Sharing her thoughts on what the limitations are for a heterogeneous country like India for spatial and visualization exercises, Ms. Bhowmick shed light on how the frequent changing of geographical units are obstacles for time-series analyses. Names of villages and the districts they come under are subject to change. While some tools are employed to configure Indian phonetics, they are not easily accessible which leads to challenges for data mapping. The Centre’s Local Government Directory, which is a tool to update names of villages or the ways they are written, in order to ensure uniformity, is a step in the right direction.

Regarding the work being taken up using Niti Aayog’s National Data Analytics Platform and how the future trajectory looks, things seem to be advancing very fast, Ms. Bhowmick states. Governmental data platforms are a step in the right direction and will greatly ease the possibility of public-private partnerships for making data transparent, developing incentives, and the positive externalities that can be created. Investors must be brought on to improve data infrastructures in the country.

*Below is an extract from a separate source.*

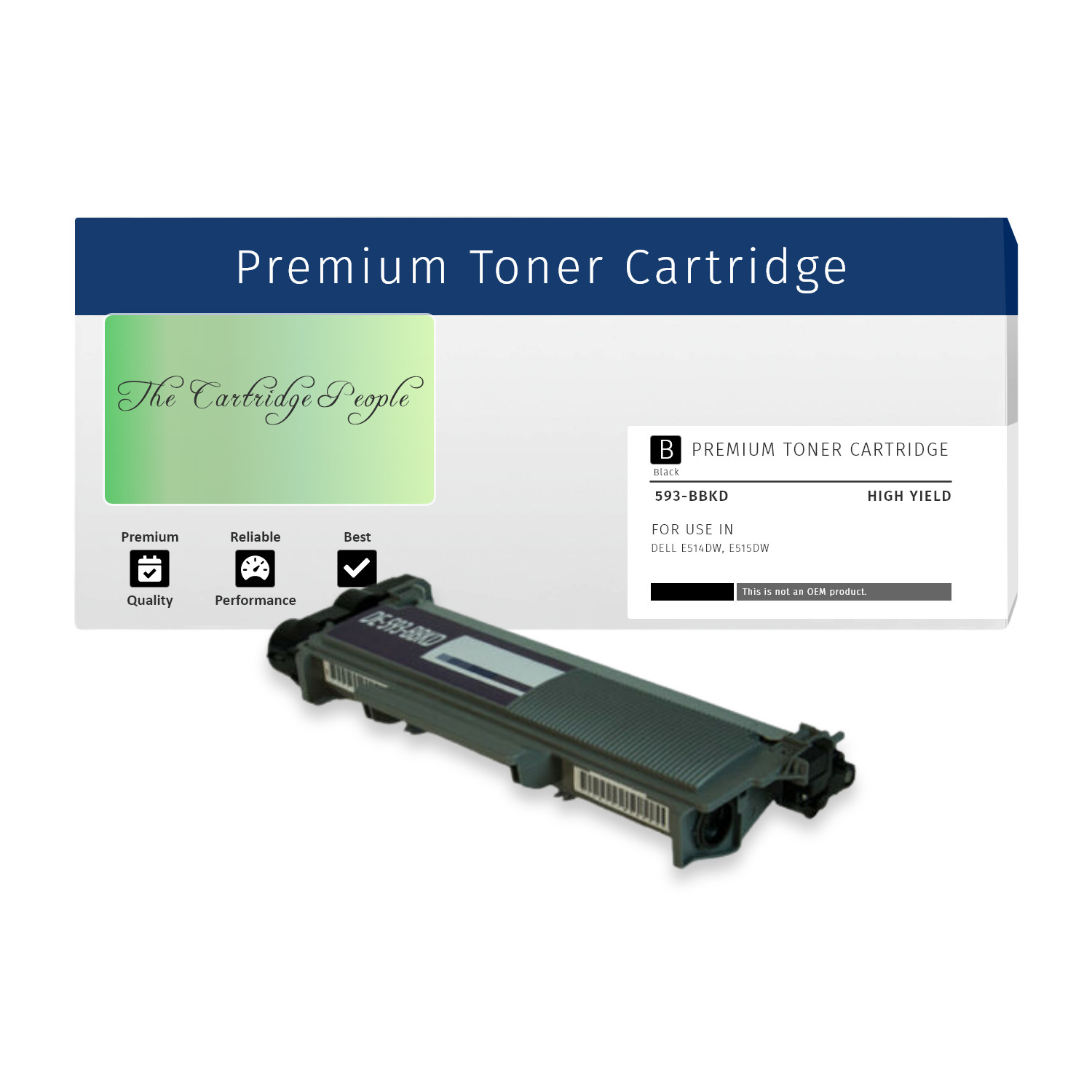 Compatible Dell E515 (593-BBKD) 2,600 Pages Black Tone, E310DW,E514DW, E515DN,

Expressing her opinion on the role of blockchain and AI to enable data analytics and where machine learning will be of use for the development sector, Ms. Bhowmick said that machine learning is already being used in developed countries to solve public policy challenges, by way of using the technology to allocate staff to government departments, to estimate need in real-time, and machine learning algorithms in the criminal justice system.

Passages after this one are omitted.